### Directions for this task
Using the data below, transcribe exactly everything from the line that contains "Light blue t-shirt" down to the line that contains "living room featuring". Include both of those lines and none of the pictures.
Source records: Begin
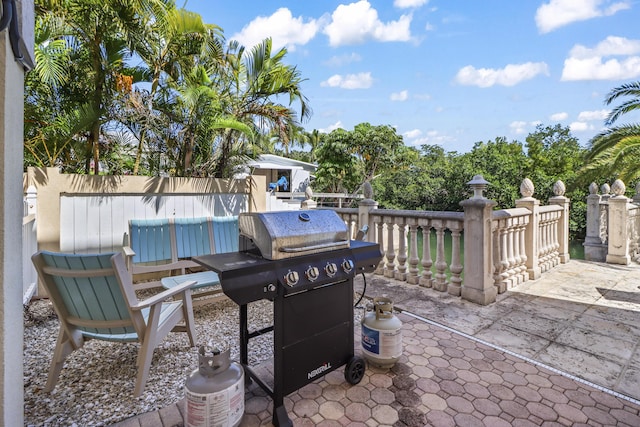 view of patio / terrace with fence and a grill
Source records: End
Source records: Begin
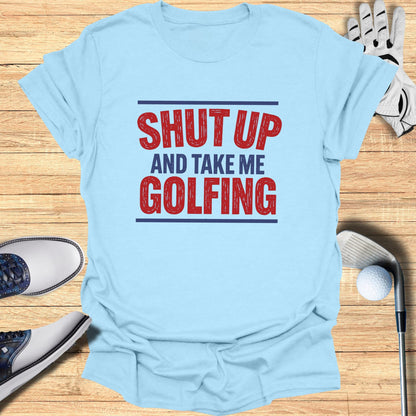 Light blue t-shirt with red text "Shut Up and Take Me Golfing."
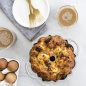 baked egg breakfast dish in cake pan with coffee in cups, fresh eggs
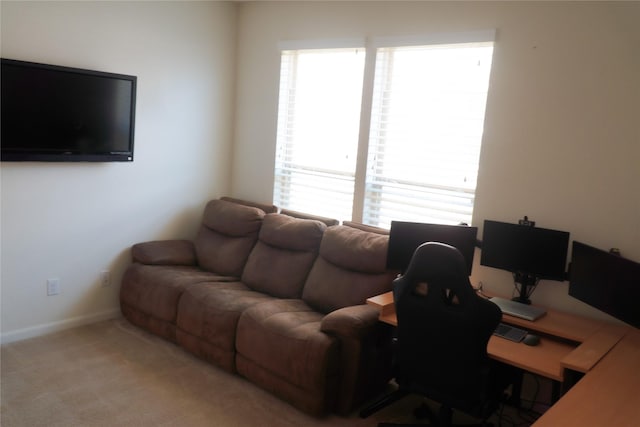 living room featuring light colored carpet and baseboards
Source records: End
Source records: Begin
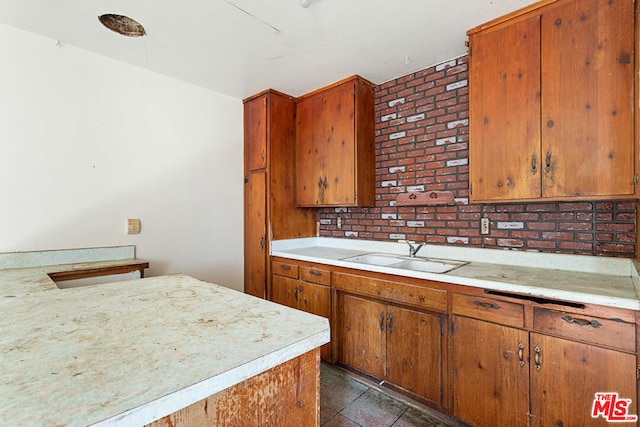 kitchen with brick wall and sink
Source records: End
### Expected answer
 Light blue t-shirt with red text "Shut Up and Take Me Golfing."
 baked egg breakfast dish in cake pan with coffee in cups, fresh eggs
 living room featuring light colored carpet and baseboards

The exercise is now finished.